3. As for the power transmission price for cross-province or cross-region electric power trading as fixed by the state, the transmitting and receiving sides may renegotiate and adopt the negotiated price, with the negotiation result reported to the National Development and Reform Commission and the National Energy Administration.
4. If both sides fail to reach an agreement after negotiations, they may request the National Development and Reform Commission and the National Energy Administration to coordinate for them.
5. The National Development and Reform Commission and the National Energy Administration shall organize cost supervision over cross-province or cross-region power transmission projects and again ratify the power transmission price (inclusive of line loss; the same in the following) according to the results of such supervision. When the transmission price is adjusted, the adjusted part shall be, based on the principle “risk and benefit sharing”, be split 1:1 between the transmitting and receiving sides.
6. The above electric power tariff policy comes into effect as of April 20, 2015.
7. The provisions in this notice shall prevail in the case of any difference with the existing methods/provisions.
Attachments:
Part of Results of Cross-province/Cross-region Power Transmission Price Negotiations
The parties have, by the principle “risk and benefit sharing” and according to changes in market demand and supply, negotiated and reached an agreement over the cross-province/cross-region power transmission price concerning Xiangjiaba, Xiluodu, and Yalong River Cascade Hydropower Stations:
1. The final price for power transmission from Xiangjiaba, Xiludu, First Cascade in Jinping Sichuan, Second Cascade in Jinping Sichuan, Guandi Cascade Hydropower Stations to Shanghai, Jiangsu, Zhejiang, and Guangdong are adjusted downward by reducing the benchmark coal power on-grid power tariff as of April 20, 2015. That is, the final price for power transmission from Xiangjiaba and Xiluodu Hydropower Stations to Shanghai is RBM 0.4386/kWh, that to Zhejiang is RMB0.4513/kWh, and that to Guangdong is RMB0.4695/kWh; that from Jinping First Cascade, Jinping Second Cascade, and Guandi Casecade Hydropower Stations under Yalong River Hydropower Development Co., Ltd. to Jiangsu is RMB0.4236/kWh.

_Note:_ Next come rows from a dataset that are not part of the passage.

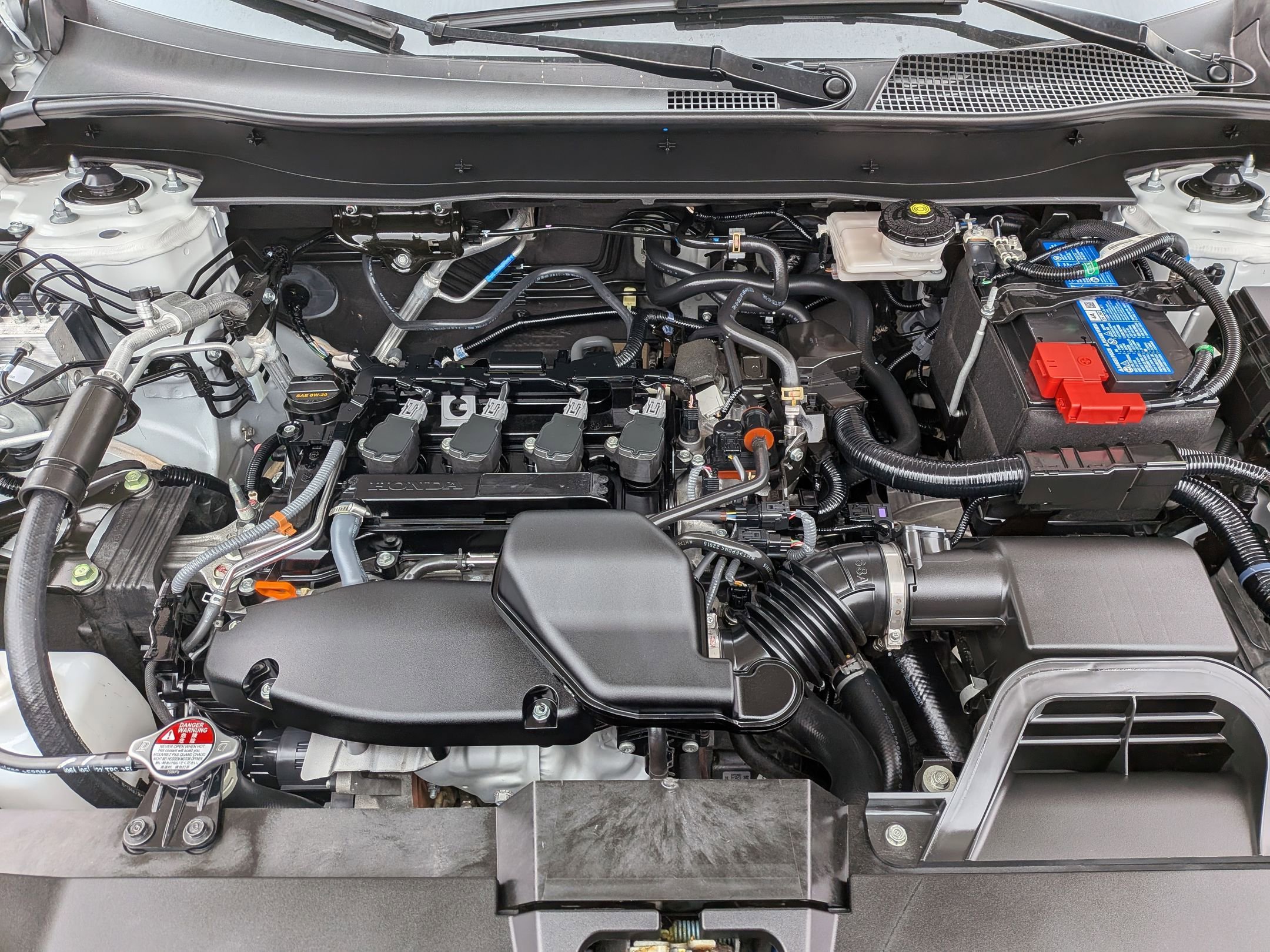 Certified 2023 Honda CR-V EX-L image 34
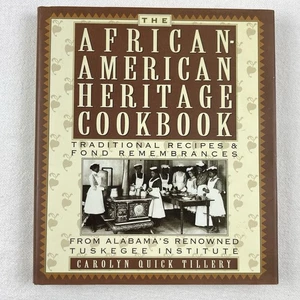 African American Heritage Cookbook : Traditional Recipes and Fond... - Picture 1 of 2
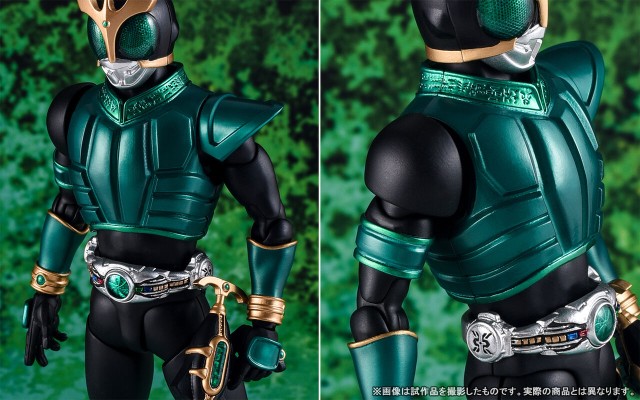 S.H.Figuarts(真骨雕制法) 假面骑士空我 假面骑士空我 天马形态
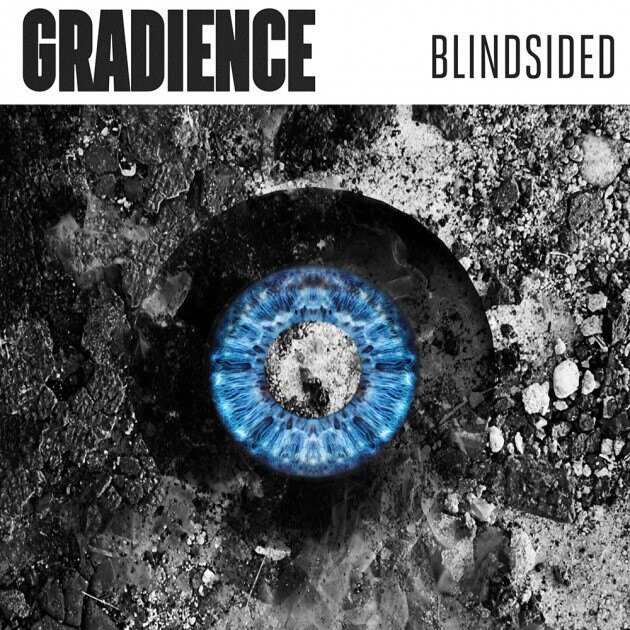 Blackened rap metal duo GRADIENCE releases second single and video ‘Blindsided’ feat. Cabal’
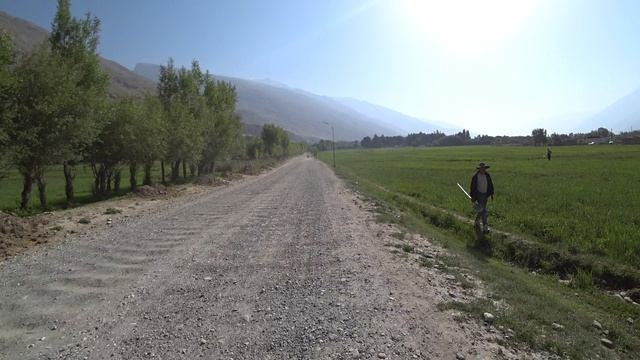 Памирская дорога смотреть онлайн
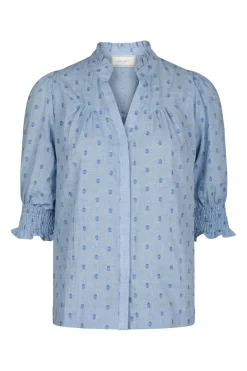 Nndiana Dobby S Blouse 167750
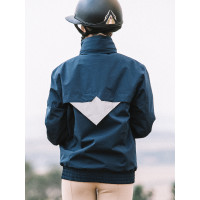 Galaxy Gepolsterte Bomberjacke Mountain Horse Damen
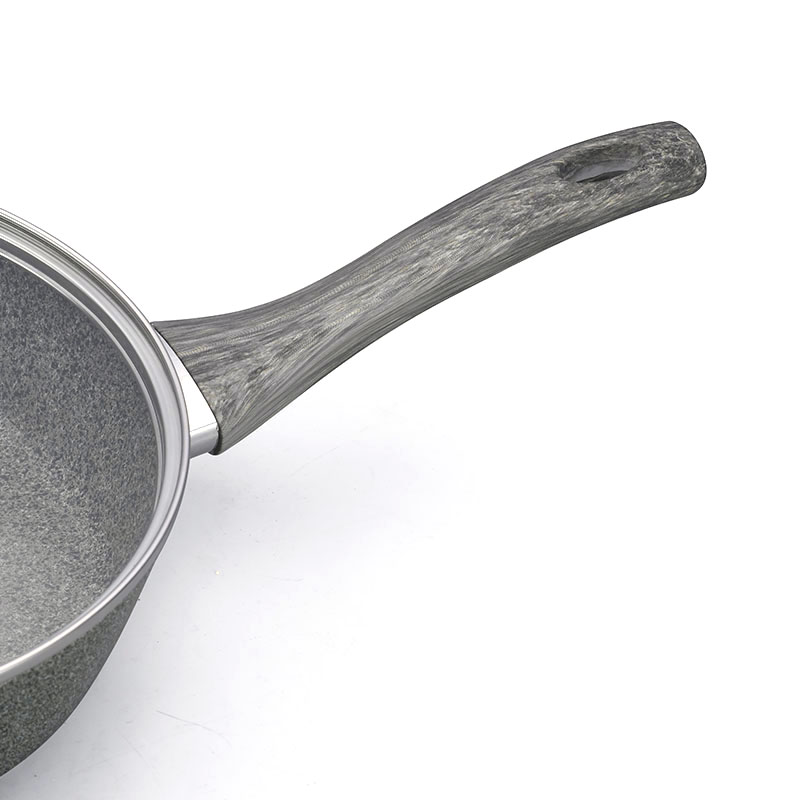 Granite Cookware Set Heat Resistant Forged Cookware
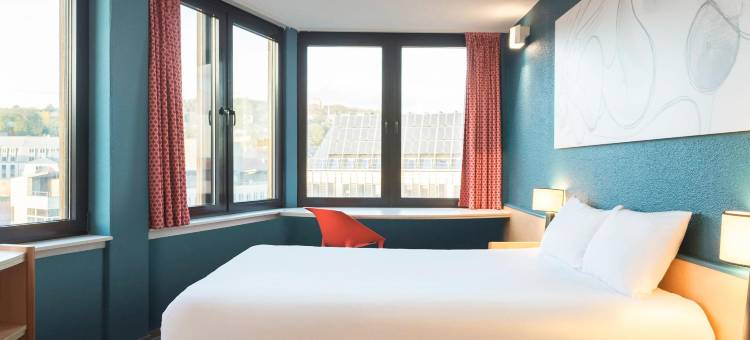 宜必思列日中心歌剧院酒店(Ibis Liège Centre Opéra)图片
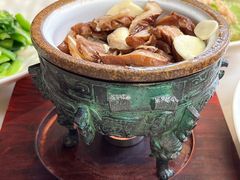 -唐猫庭院·千年陕菜(大唐不夜城店)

2. The on-grid power tariff is calculated on the basis of the above-mentioned final price minus the power transmission price and line loss. The on-grid power tariff for power transmission from Xiangjiaba and Xiluodu Hydropower Stations to Shanghai is RBM0.3149/kWh, that to Zhejiang is RMB0.3391/kWh, and that to Guangdong is RMB0.3565/kWh; that from Jinping First Cascade, Jinping Second Cascade, and Guandi Casecade Hydropower Stations under Yalong River Hydropower Development Co., Ltd. to Jiangsu is RMB0.2987/kWh.

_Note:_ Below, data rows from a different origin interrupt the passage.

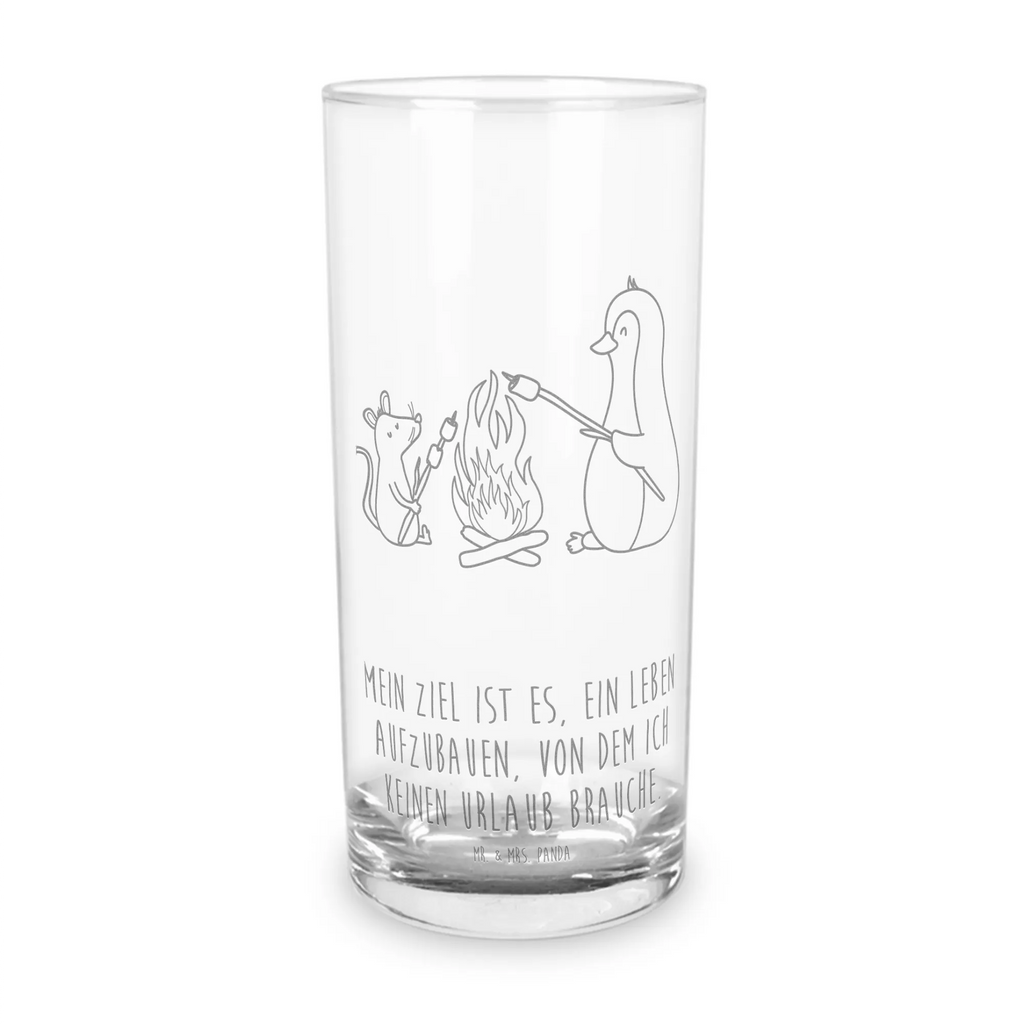 Water Glass Penguin campfire Penguin, North Pole, Winter, Penguins, penguins, life, marshmallows, life motto, everyday office life, campfire, barbecue, mouse, motivation, fire, love, office, work, life motivation, new start, job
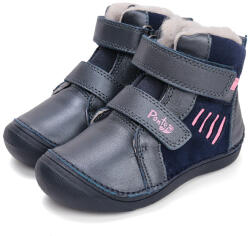 Ponte20 supinált bélelt téli csizma (24-29 méret) DA07-5-2466C (25)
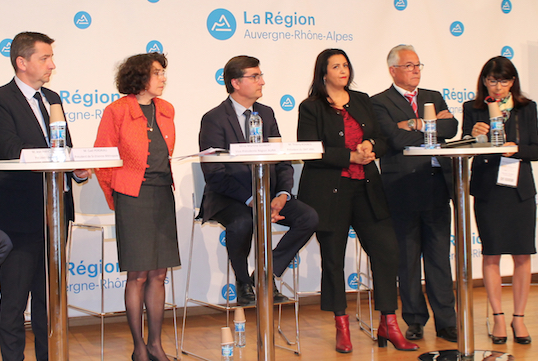 Réouverture aux passagers de la gare de Reventin, développement du covoiturage, etc. : un plan d’actions pour les liaisons domicile-travail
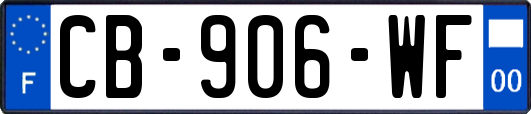 CB-906-WF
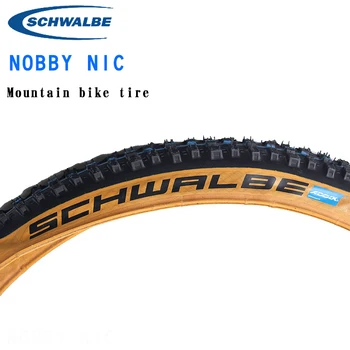 Schwalbe MTB cykel dæk nobby nic 29 tommer stål wire fold på 27,5 tommer alt terræn mountainbike vakuum dæk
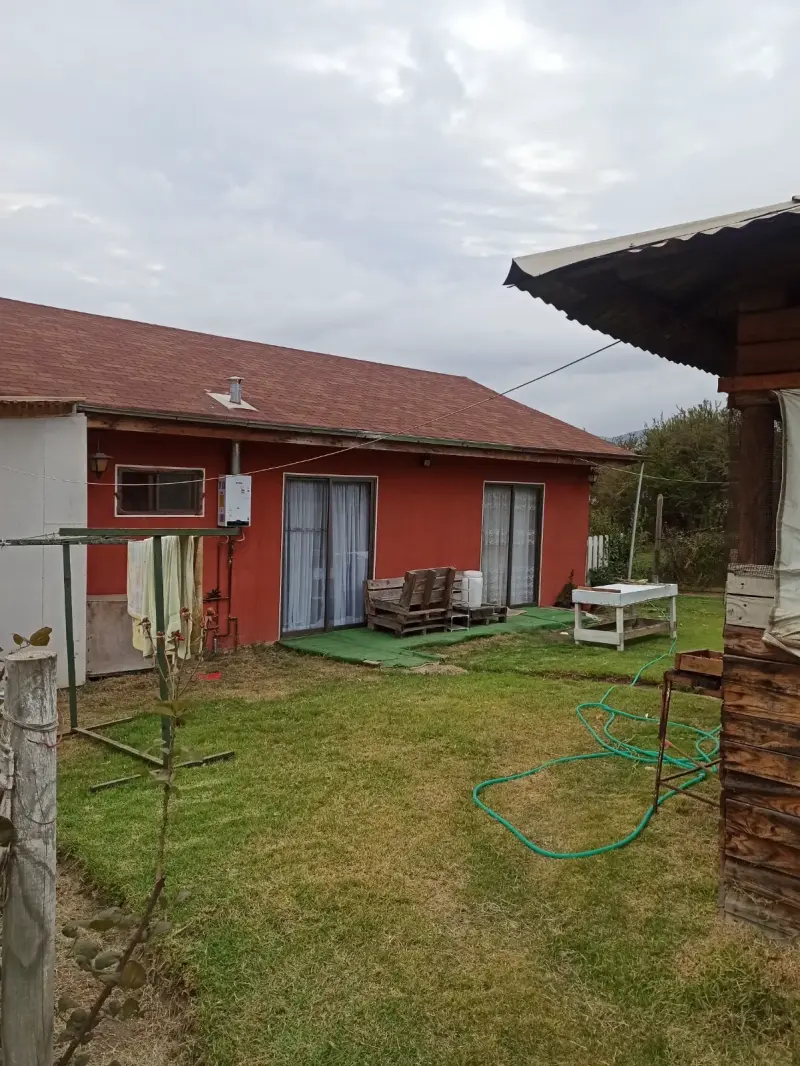Parcela 1250mts2 - 2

3. The on-grid power tariff at the feed-in sides of the generator unit of Xiangjiaba and that on the left bank of Xiluodu is RMB0.3218/kWh for settlement; that at the feed-in side of the generator unit on the right bank of Xiluodu is RMB0.3421 for settlement; and that for the feed-in sides of Jinping First Cascade, Jinping Second Cascade, and Guandi Cascade Hydropower Stations is RMB0.3084/kWh for settlement.
4. From now on, the final price for power transmission from Xiangjiba, Xiluodu, Jinping First Cascade, Jinping Second Cascade, and Guandi Hydropower Stations to Shanghai, Jiangsu, Zhejiang, and Guangdong shall be synchronously adjusted upward or downward according to the coal-fired power tariff in the receiving province (exclusive of the adjustment by the green power tariff).
5. The above price/tariff and the price adjustment mechanism come into effect as of April 20, 2015.